**Work request**
Reproduce exactly, from the data that follows, the line with "あゆみくりかまき＜NATSU", the line with "damselfmusic", and every line that lies between them.

**Information**
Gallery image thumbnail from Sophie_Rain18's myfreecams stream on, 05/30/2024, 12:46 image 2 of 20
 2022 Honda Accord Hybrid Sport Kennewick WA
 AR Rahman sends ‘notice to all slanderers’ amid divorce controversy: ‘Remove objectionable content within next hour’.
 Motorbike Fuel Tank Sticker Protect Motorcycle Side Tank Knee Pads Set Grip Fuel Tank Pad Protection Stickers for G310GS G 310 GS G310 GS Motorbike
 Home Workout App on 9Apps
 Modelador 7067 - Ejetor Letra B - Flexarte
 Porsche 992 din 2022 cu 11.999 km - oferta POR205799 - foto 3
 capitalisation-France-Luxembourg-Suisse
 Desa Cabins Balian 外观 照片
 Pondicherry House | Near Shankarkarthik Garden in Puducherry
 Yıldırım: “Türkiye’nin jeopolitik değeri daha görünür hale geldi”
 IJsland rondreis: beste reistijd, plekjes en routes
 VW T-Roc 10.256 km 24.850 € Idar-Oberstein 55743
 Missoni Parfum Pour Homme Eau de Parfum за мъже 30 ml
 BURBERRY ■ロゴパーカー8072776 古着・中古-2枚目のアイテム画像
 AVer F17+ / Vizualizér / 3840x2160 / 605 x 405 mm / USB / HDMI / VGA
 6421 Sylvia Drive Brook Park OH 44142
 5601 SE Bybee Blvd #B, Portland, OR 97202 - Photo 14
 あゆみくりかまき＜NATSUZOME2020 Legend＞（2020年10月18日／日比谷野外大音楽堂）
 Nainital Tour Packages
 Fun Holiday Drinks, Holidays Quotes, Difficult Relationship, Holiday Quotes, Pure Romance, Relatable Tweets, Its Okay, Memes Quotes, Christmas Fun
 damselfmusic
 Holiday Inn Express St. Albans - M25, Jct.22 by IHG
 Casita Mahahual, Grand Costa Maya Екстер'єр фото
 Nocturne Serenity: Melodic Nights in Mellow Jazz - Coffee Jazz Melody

**Exercise response**
 あゆみくりかまき＜NATSUZOME2020 Legend＞（2020年10月18日／日比谷野外大音楽堂）
 Nainital Tour Packages
 Fun Holiday Drinks, Holidays Quotes, Difficult Relationship, Holiday Quotes, Pure Romance, Relatable Tweets, Its Okay, Memes Quotes, Christmas Fun
 damselfmusic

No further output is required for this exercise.